Nicea moved before me
And the cold grey air troubled her not
For all her naked beauty, bit not the tropic skin...

My "tropic skin," returned from Vermont/Seattle/North Carolina/etc., slightly in shock from cold grey New York air... I am still lingering in the surreal ending day or two of Marlboro (rainswept, dark, half-built, not civilized) ... people leaving the place in all their varied, bizarre ways, at their own times, beginning or ending relationships, packing up impossibly messy cars, flailing at all the recurring farewells of summer camp, and I am still feeling my body as arranged for country life, toned by lots of swimming and hiking up and down the hills, accustomed to sweating in my cot-bed, now finding itself underused, pampered by luxury in my not exactly luxurious apartment... It feels like (as it always, always does at this time of year) my mind is bubbling, and I want to stay in, let the bubble float off for a bit, keep it from hitting anything hard and bursting:

And if I see her not,
no sight is worth the beauty of my thought.
(Si no'us vei, Domna don plus mi cal,
Negus vezer mon bel pensar no val.)

Does any of this make any sense? Staying in my own mind? If that passage is applicable to me, what is my "her"? Unanswerable, today. And so I have turned to the bubble of my blog... Here I can be in the abstract space of my browser window, listening to the airconditioner hum. Let the dogs howl: Bach to practice, bios to send out, recordings to find, schedules to fix, friends to catch up with, groceries to buy, students to teach, people to call, toilet paper to obtain, mice to trap humanely, pianos to tune, suitcases to unpack, failures to apologize for, insurance to arrange, emails to write en masse, and in general things to straighten out, priorities to choose. But I choose none, today, or if I choose one or another, it will be a whim and not a plan, winding and not straight... I want my acts today to be both practical and metaphorical.

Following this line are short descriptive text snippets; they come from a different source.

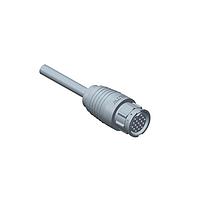 Amphenol LTW DD-18BMFM-LL6A04 Sensor Cables / Actuator Cables Ceres, Large Size, Plastic, 5A, 18 pins, Male Connector, Female Contact, Straight, 2 Points Lock, Overmolded, Length 4000mm, IP66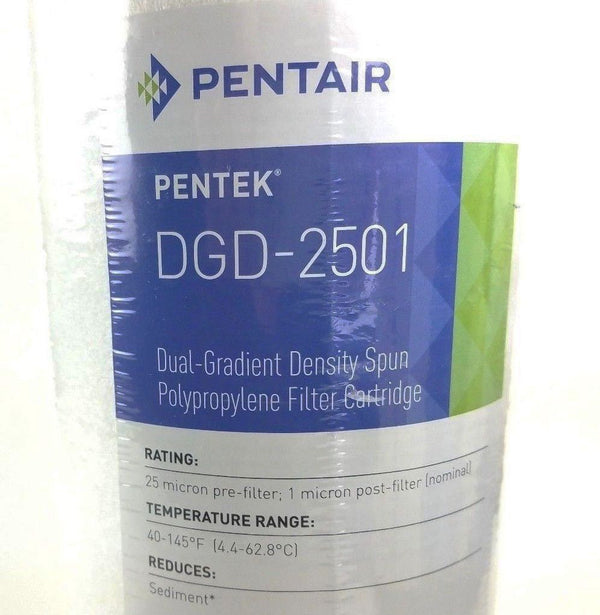 DGD-2501 Pentek Whole House Filter Replacement Cartridge - Whole House Cartridges - 19.45 - DiscountFilterStore.com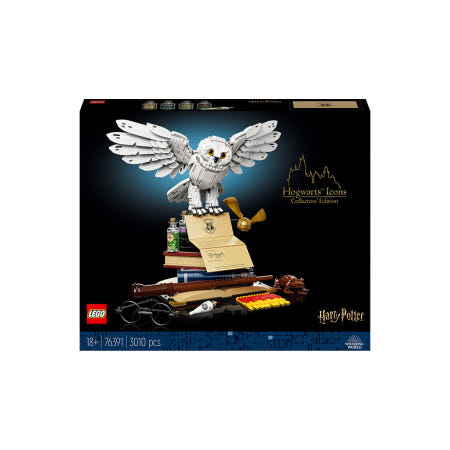 레고 해리포터 20주년 기념 골드 미니피겨 3개 마법물약 화이트 부엉이 학습교재 수업교구 선물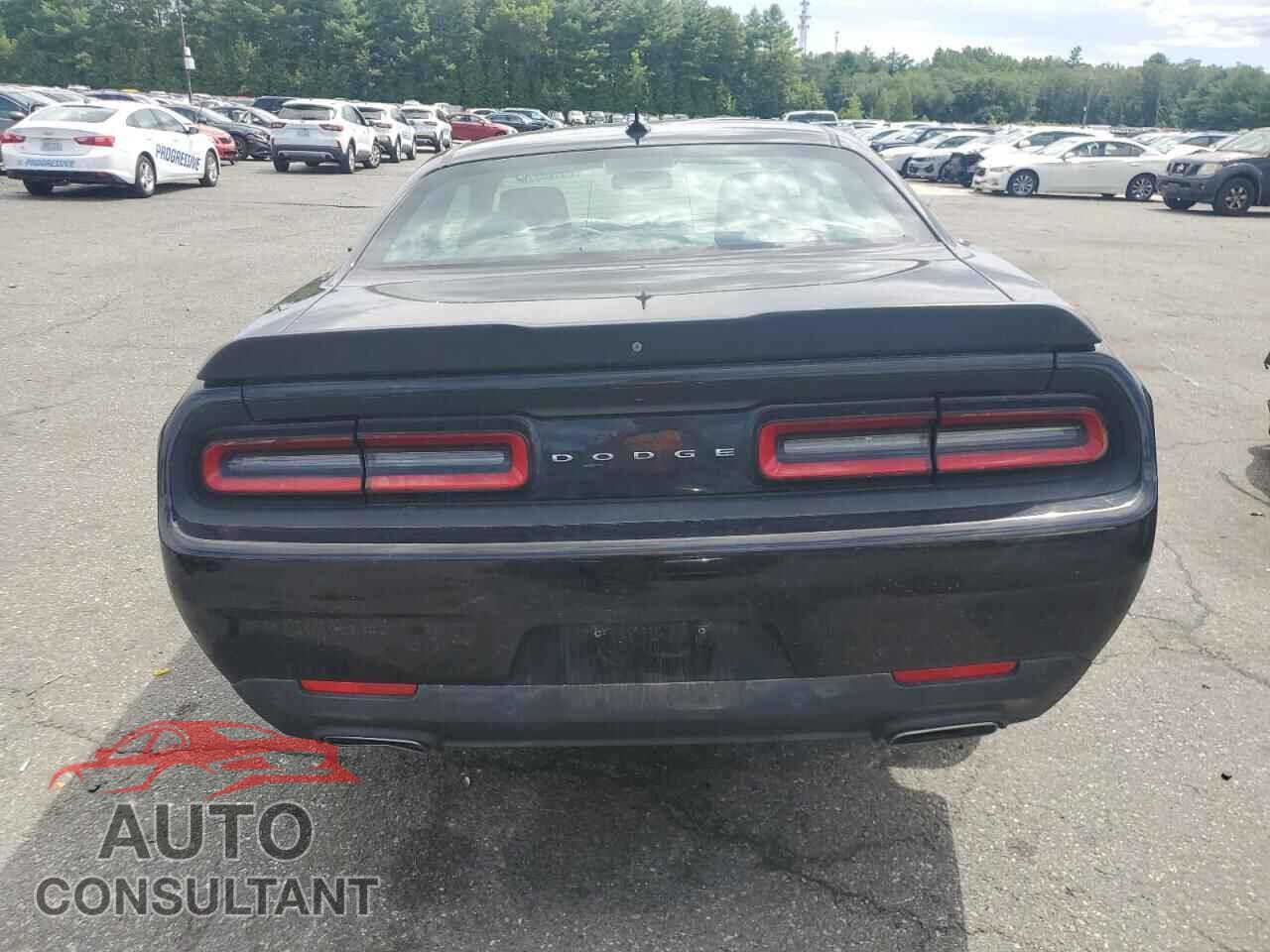 DODGE CHALLENGER 2018 - 2C3CDZAG2JH204849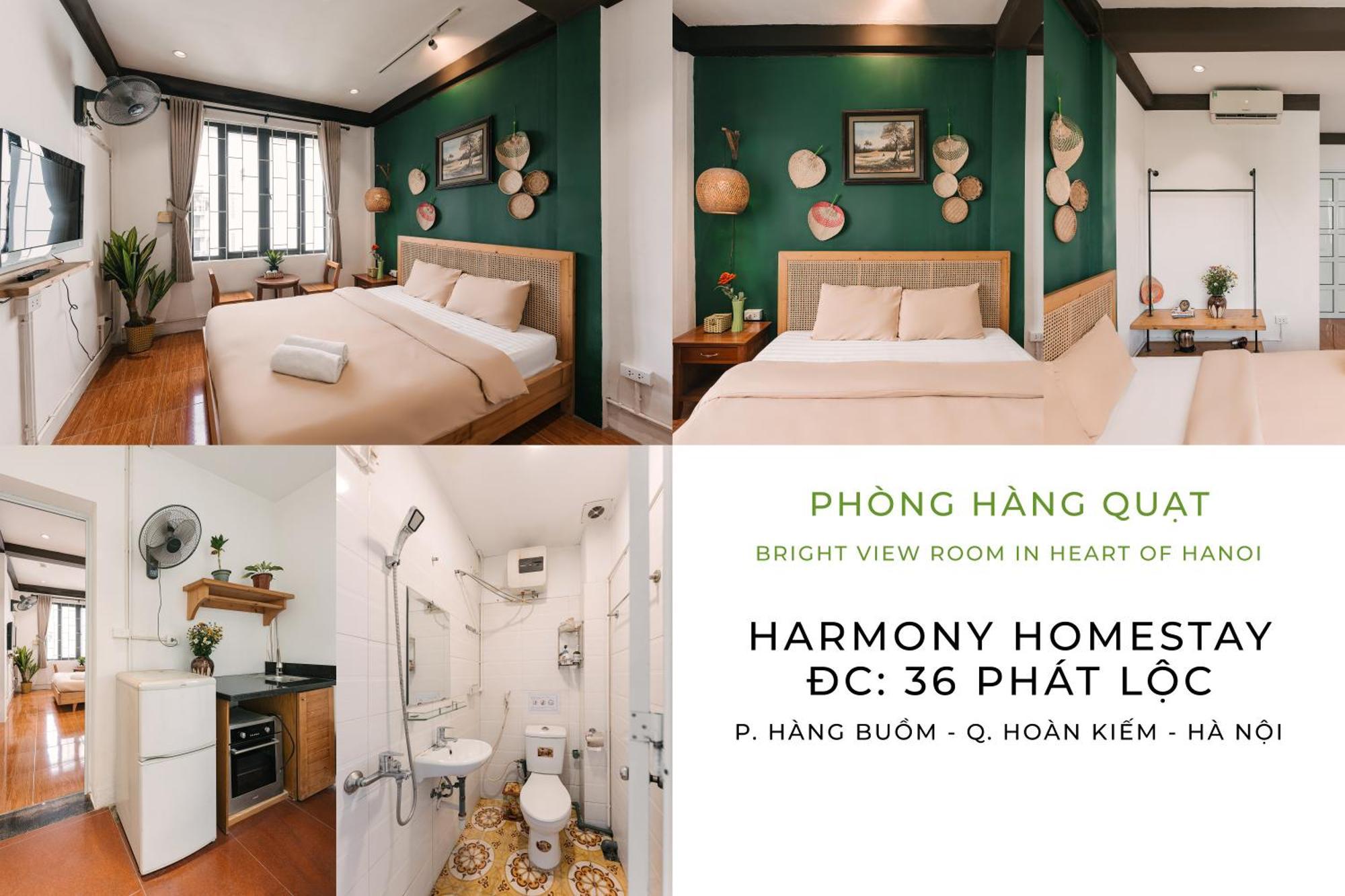 Harmony - In Old Quarter Hanoi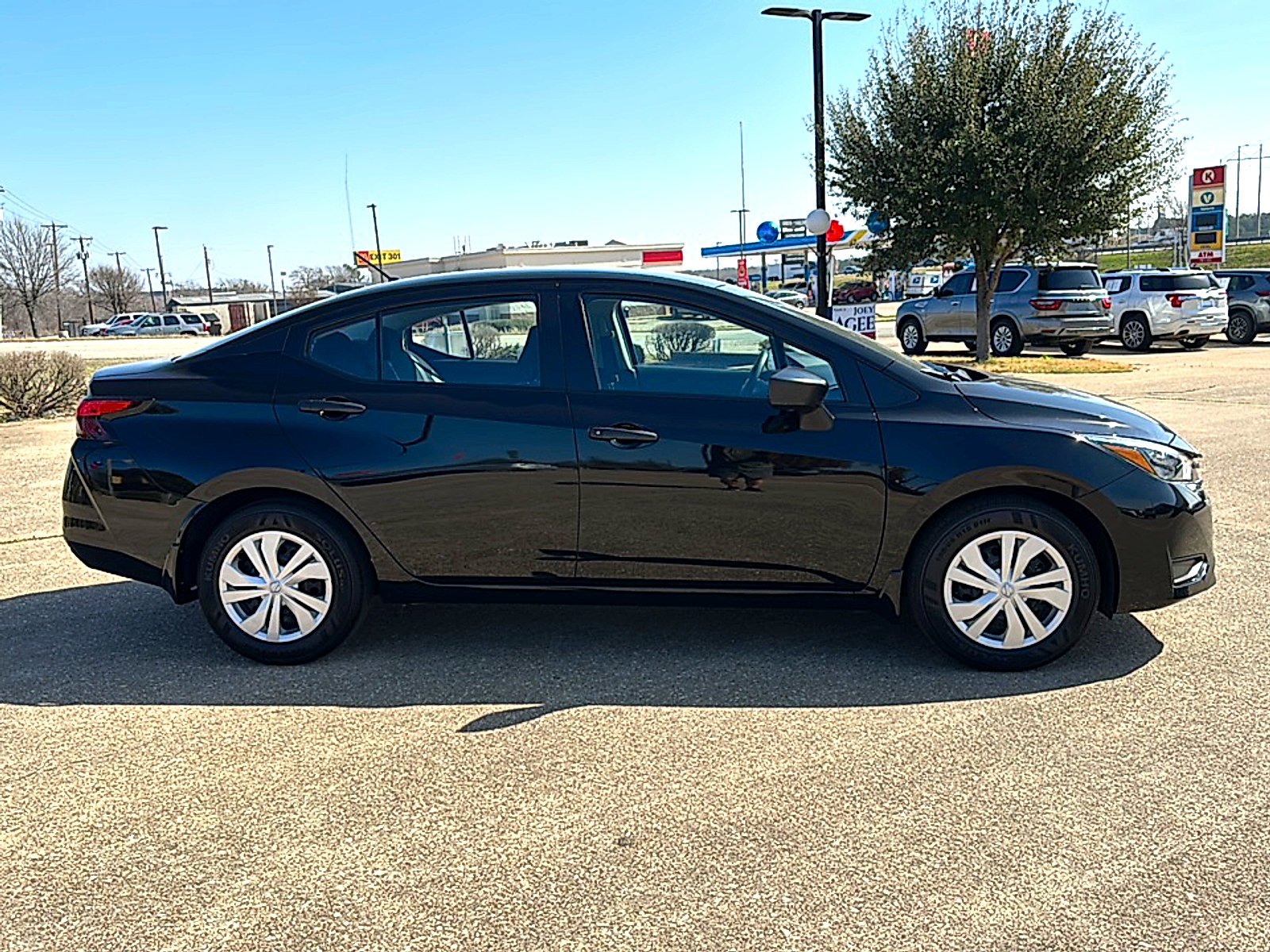 Certified 2025 Nissan Versa S w/ Trunk Package image 9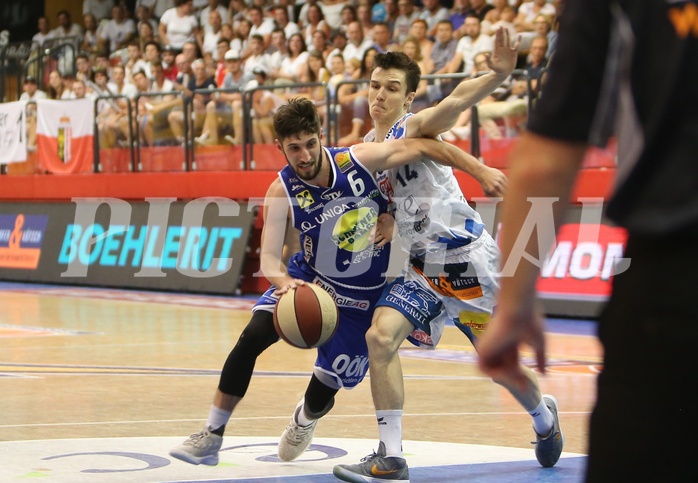 Basketball ABL 2017/18, Playoff Finale Spiel 2 Kapfenberg Bulls vs. Gmunden Swans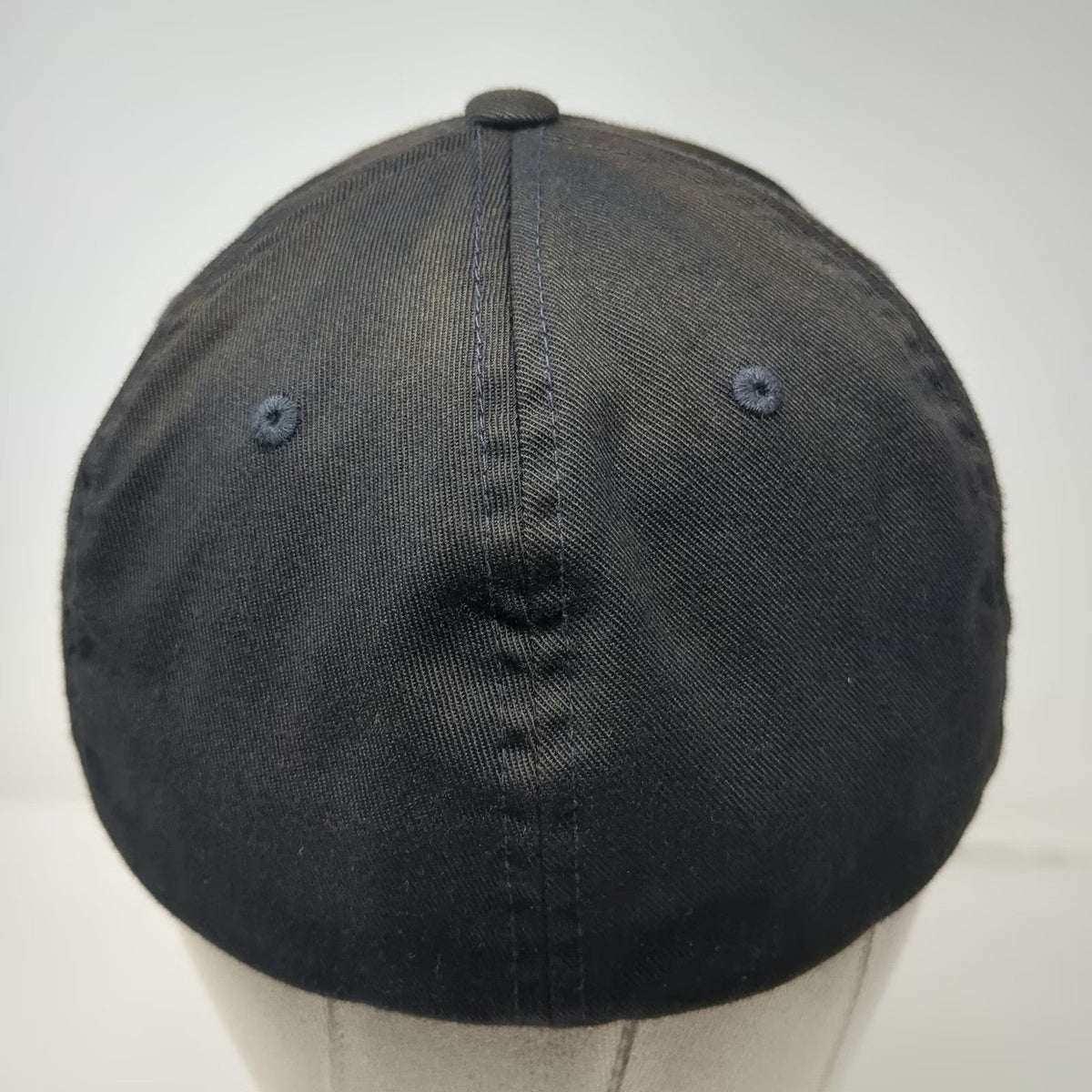 Jordan Baseball Cap Black XL Jumpman Logo Flexfit Structured Curved Brim Hat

Which reminds me of this most wonderful passage from "The Pound Era":

The great thing to remember is that all poetry was once in the language itself, and still underlies the dry bones of even our dictionaries. Every word, a metaphor, perhaps several degrees deep, still has the power to flash meaning back and forth between apparently divergent and intractable planes of being.

So: my apologies for not blogging for a few weeks. I should be blogging more now, as I attempt to flash meaning back and forth between my Marlboro and "normal" planes... wish me luck!